What is Fika?

What is Fika?

In Swedish tradition, Fika is a break - a pause - in your day to indulge in the simple pleasures of a good cup of coffee or tea, some sweets or pastries, and time shared with friends and loved ones.

Saturday, 28 December 2013

Chocolate Shards

Sometimes a dessert needs a bolder presence, and chocolate shards are a simple and quick garnish that can be used that don't require any special equipment. All that is needed is a heatproof bowl, small saucepan/pot, parchment paper and a knife. (An offset spatula makes things a little easier, but not necessary).

Full instructions after the break!

Melt chocolate over a double boiler: Break the chocolate into small pieces in a heatproof bowl, and set over a small simmering pot of water. Do not let the water boil. When the chocolate is about 2/3 to 3/4 melted, remove the bowl from the heat and stir until the chocolate is fully melted. (Or temper the chocolate if you know how - this is on my to-do list for the New Year!)

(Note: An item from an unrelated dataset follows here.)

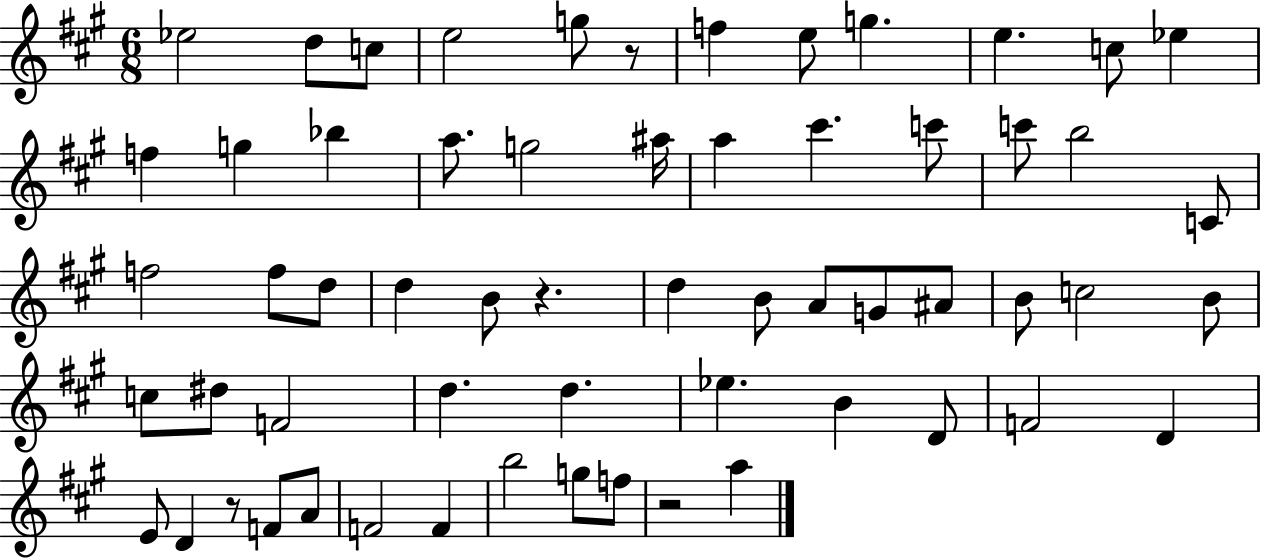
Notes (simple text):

Eb5/h D5/e C5/e E5/h G5/e R/e F5/q E5/e G5/q. E5/q. C5/e Eb5/q F5/q G5/q Bb5/q A5/e. G5/h A#5/s A5/q C#6/q. C6/e C6/e B5/h C4/e F5/h F5/e D5/e D5/q B4/e R/q. D5/q B4/e A4/e G4/e A#4/e B4/e C5/h B4/e C5/e D#5/e F4/h D5/q. D5/q. Eb5/q. B4/q D4/e F4/h D4/q E4/e D4/q R/e F4/e A4/e F4/h F4/q B5/h G5/e F5/e R/h A5/q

Pour the chocolate onto a clean piece of parchment paper. Spread evenly to form a thin coat about 1mm thick. It doesn't have to be perfectly even, because the next step is to roll the parchment paper, chocolate and all. This should be done rather quickly and gingerly, without putting any pressure over the paper, so that the melted chocolate doesn't get squished out or thin in any section. One way is to roll the paper from the edges with both hands.

Pop the roll into a freezer (or the giant walk-in freezer that is the garage in wintertime), and wait until it has hardened completely.

When ready to use, take the roll from the freezer and quickly unroll the hardened chocolate. As you pull the paper, it should snap off curved shards of chocolate until the entire roll has been reduced to pieces. Some pieces may be too large; these can be snapped into smaller pieces by hand. Pieces that are too small or left over can be melted down for another time.

These same chocolate shards were used for the Chocolate and Cranberry cake, stuck vertically around the edge of the cake after it was masked with chocolate ganache.